*Work to complete*.
Exclude every picture. Output verbatim the lines from the one containing "4) Reusable Silicone Baking Mat" to the end of the data.

*Data provided*.
* * *

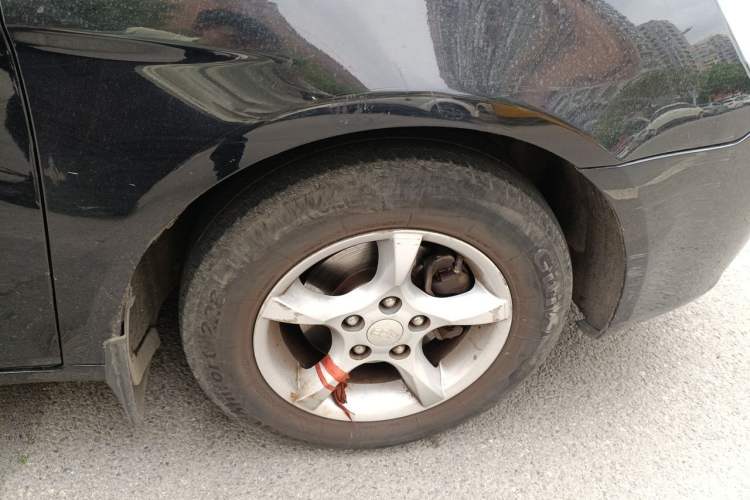 Used Geely Auto Classic Emgrand 2012 Sedan 1.8L Manual Comfort Model Right Front Wheel Hub
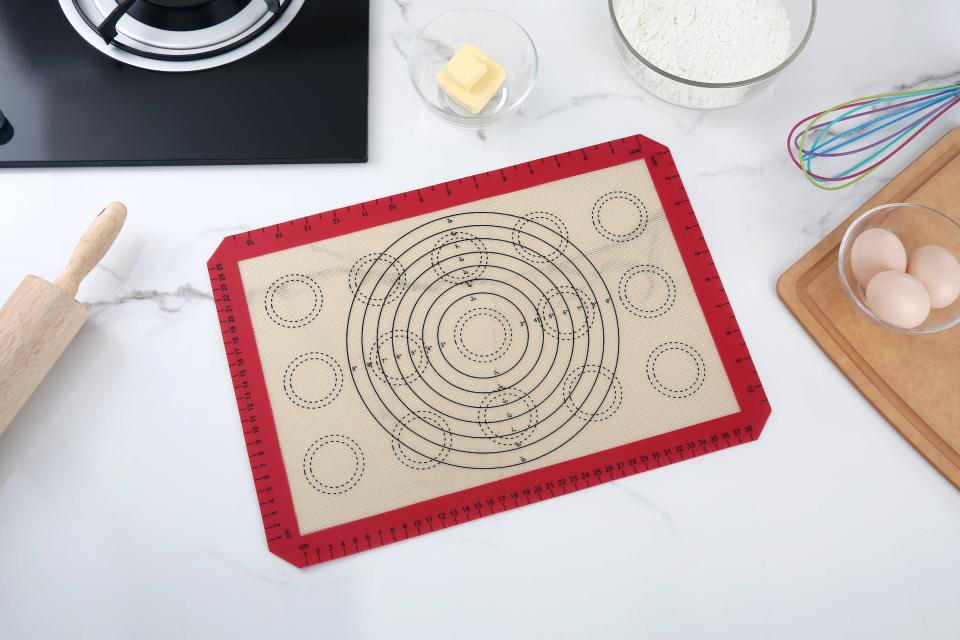 4) Reusable Silicone Baking Mat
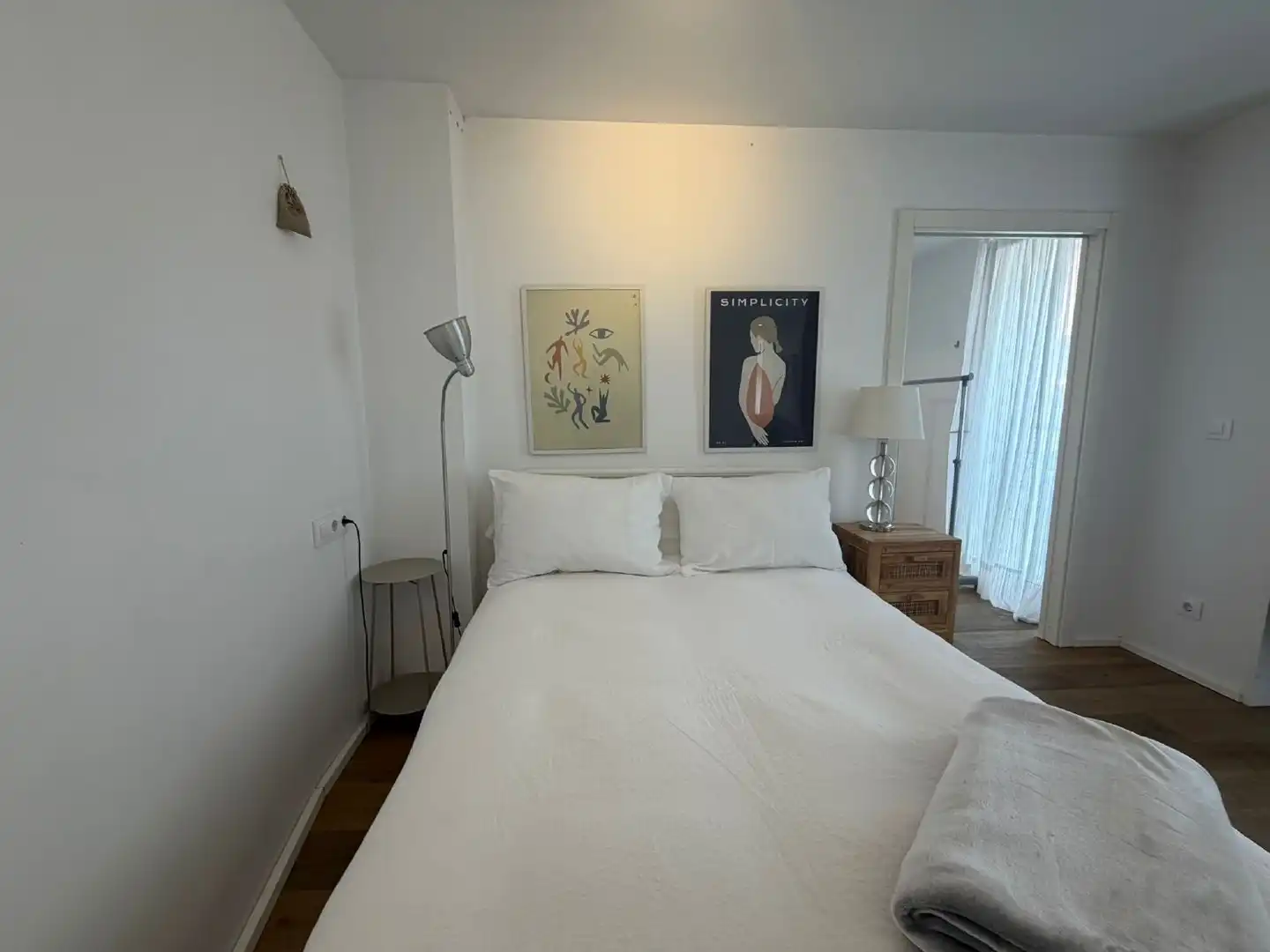 Habitación de Piso de alquiler en A Coruña Capital  con Calefacción y Amueblado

* * *

*Solved problem*.
 4) Reusable Silicone Baking Mat
 Habitación de Piso de alquiler en A Coruña Capital  con Calefacción y Amueblado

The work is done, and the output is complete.